## Work to complete
Write out exactly the lines from the one holding "PowerA Protection Case" to the last line of the entries, both ends included and nothing else, without the pictures.

(Data entries)
########################################

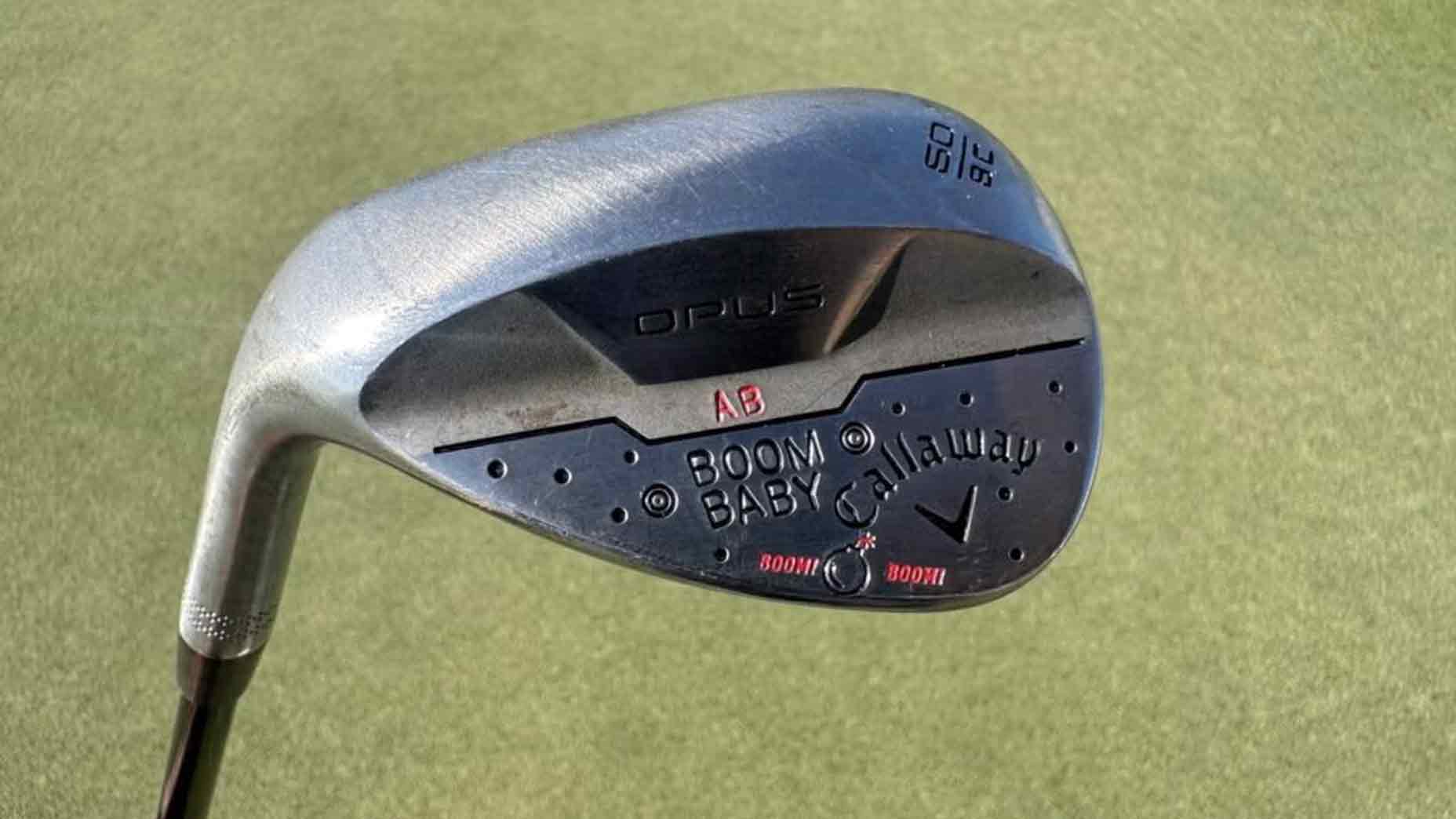 Akshay Bhatia Old Raw Wedge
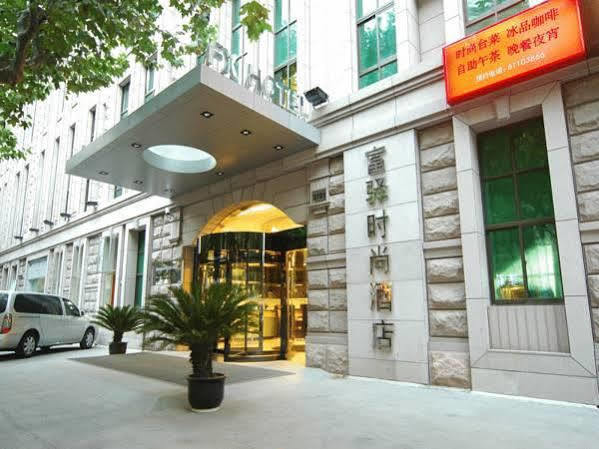 Fx Hotel Xujiahui - Shanghai Stadium Branch Экстерьер фото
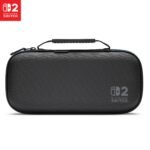 PowerA Protection Case for Nintendo Switch 2 and 1 (Black)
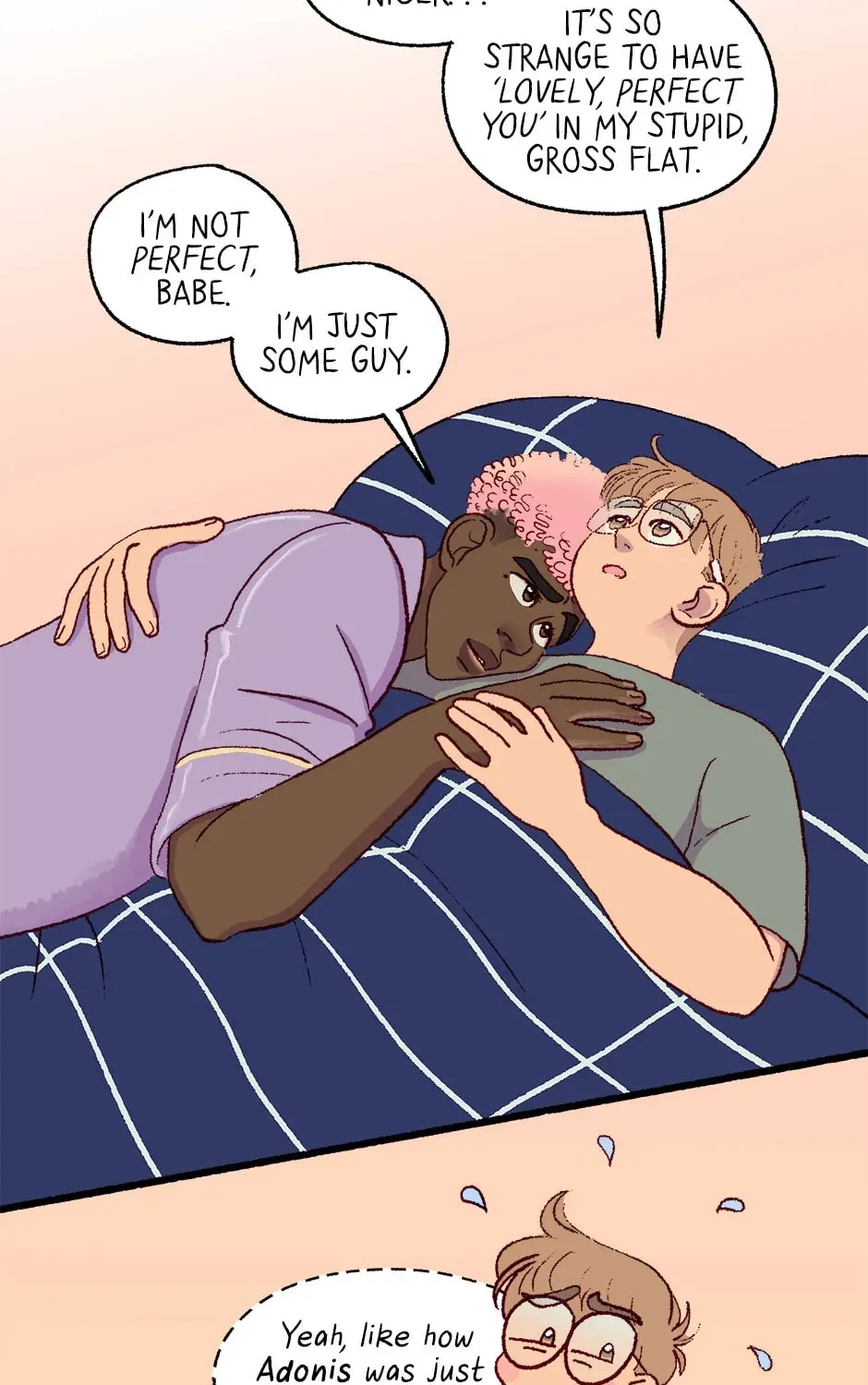 Hungry Heart Chapter 33 page 112 - 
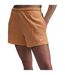 Short De Jogging Femme Cuivré Nike-2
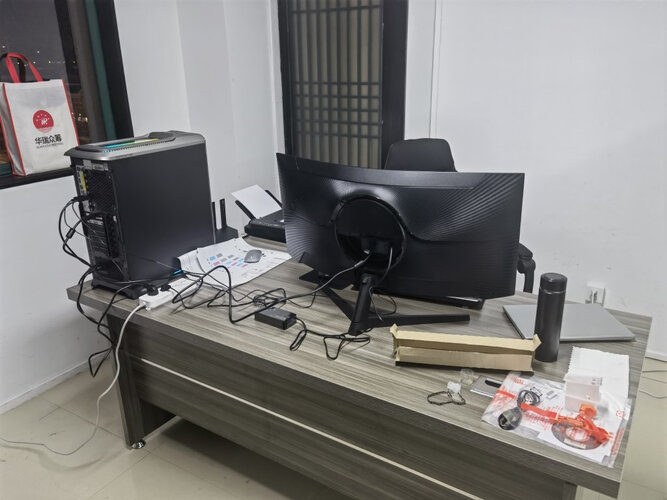评测区别三星c32g75tqsc和卓威，不想被骗看下这里！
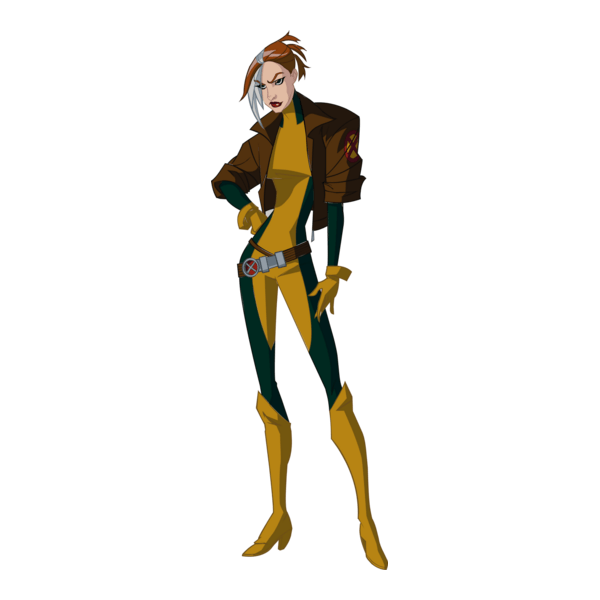 Rogue Logo PNG Vector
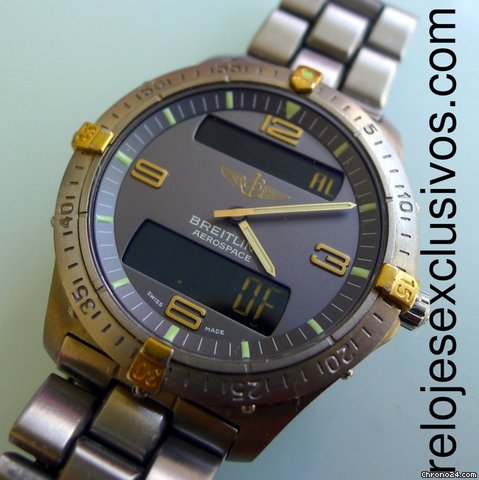 Breitling Aerospace watches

########################################

## Solved problem
 PowerA Protection Case for Nintendo Switch 2 and 1 (Black)
 Hungry Heart Chapter 33 page 112 - 
 Short De Jogging Femme Cuivré Nike-2
评测区别三星c32g75tqsc和卓威，不想被骗看下这里！
 Rogue Logo PNG Vector
 Breitling Aerospace watches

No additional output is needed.